The property market is showing continual signs of revival, with month-on-month price increases recorded across every region, according to Trade Me’s Property Price Index for October.

The national average asking price for a property reached $860,750 in October, up 2.4 per cent when compared with September.

“Whilst two per cent may not seem like a lot, it's the biggest month-on-month increase in almost two years, which means sellers could get an extra $20,000 for their property,” said Trade Me Property Sales Director Gavin Lloyd.

“This is confirmation that the market is starting to turn following three consecutive months of steady increases which will be welcomed news for those thinking about listing.”

Hawke’s Bay leading the way

The Hawke’s Bay region emerged as the frontrunner in property price growth in October, with average asking prices surging 4.1 per cent to $771,600.
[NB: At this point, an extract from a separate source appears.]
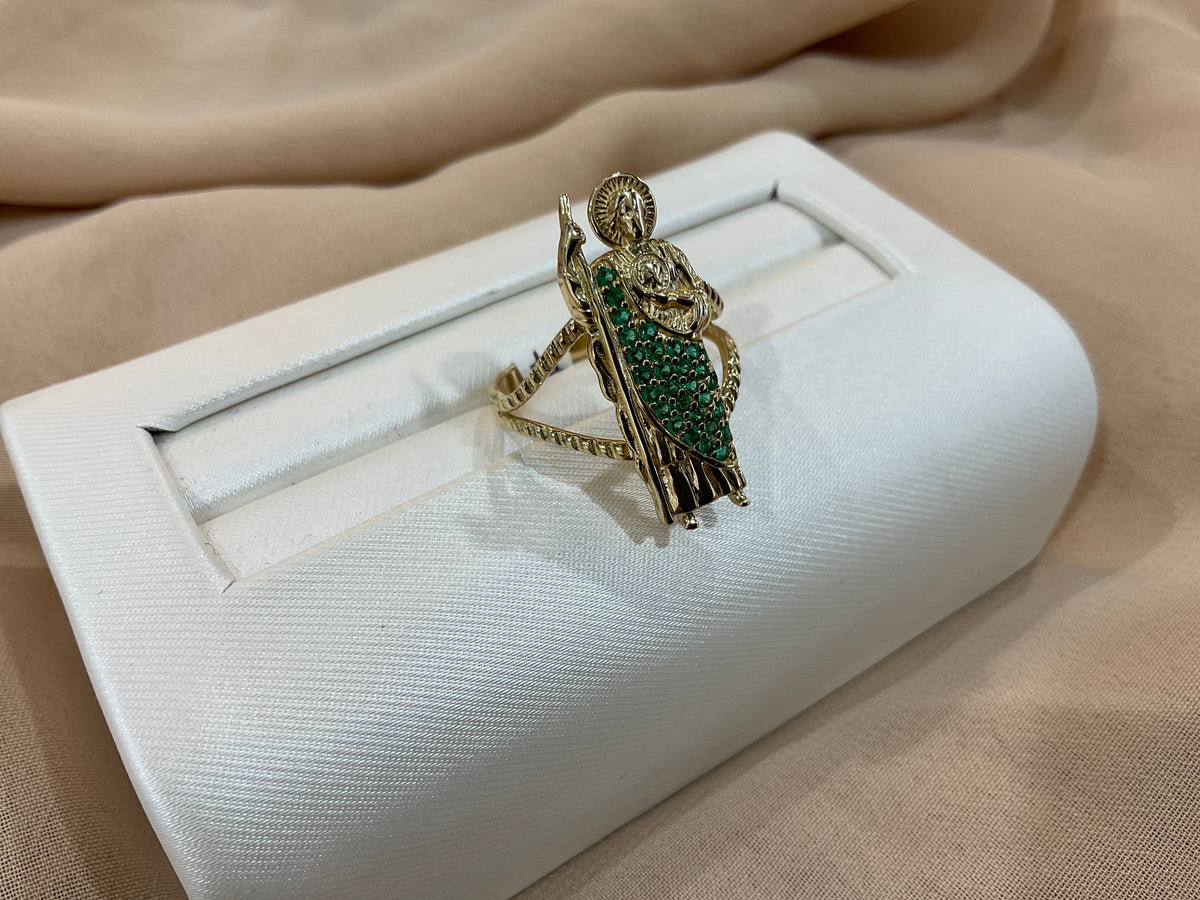 14k Gold St.Jude w/green CZ #7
“This was most evident in Hastings, where prices skyrocketed by 7 per cent to $788,300. Napier, on the other hand, maintained its position as the most expensive area in the region, with average prices rising 2.6 per cent to $821,350,” said Mr Lloyd.

While the average asking price has increased month-on-month, the market is still shy of the record highs witnessed in 2022.

“Even with a year-on-year decline of 8.1 per cent, Auckland remains the most expensive region in the motu, with average asking price still over a million dollars at $1,054,800,” Mr Lloyd added.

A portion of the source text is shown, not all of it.